» WORK ITEM
Would you please transcribe the data in full and exactly, excluding images?

### INFORMATION PROVIDED ###

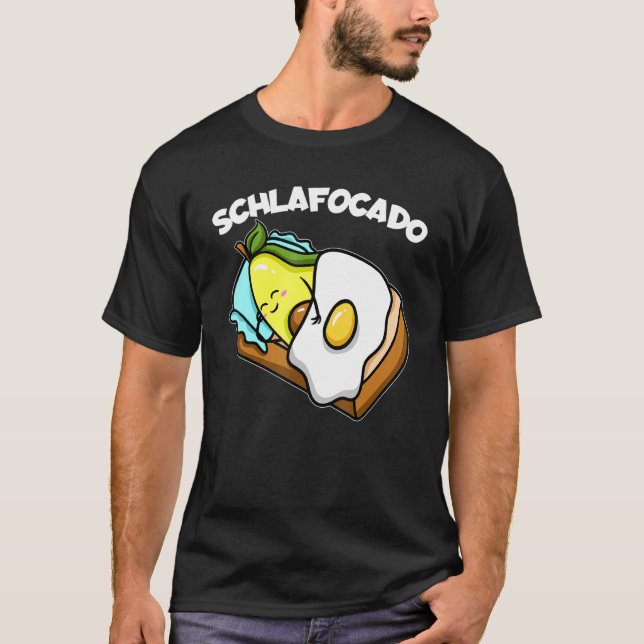T-shirt Dormir de la nuit de l'avocat de Schlaffocado Paja (Devant)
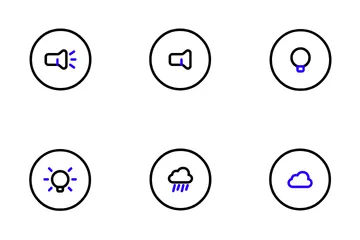 Estrella/Clima Paquete de Iconos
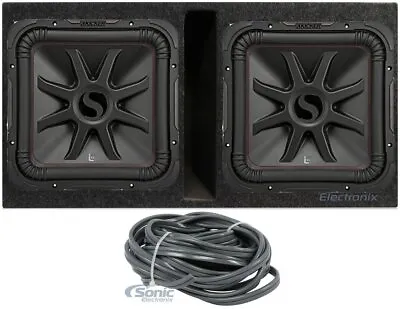 2x KICKER 45L7R152 3600W 15  Car Subwoofers W/ Dual Vented Box Enclosure Package • $699.98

###

» WRITTEN ANSWER
T-shirt Dormir de la nuit de l'avocat de Schlaffocado Paja (Devant)
 Estrella/Clima Paquete de Iconos
 2x KICKER 45L7R152 3600W 15  Car Subwoofers W/ Dual Vented Box Enclosure Package • $699.98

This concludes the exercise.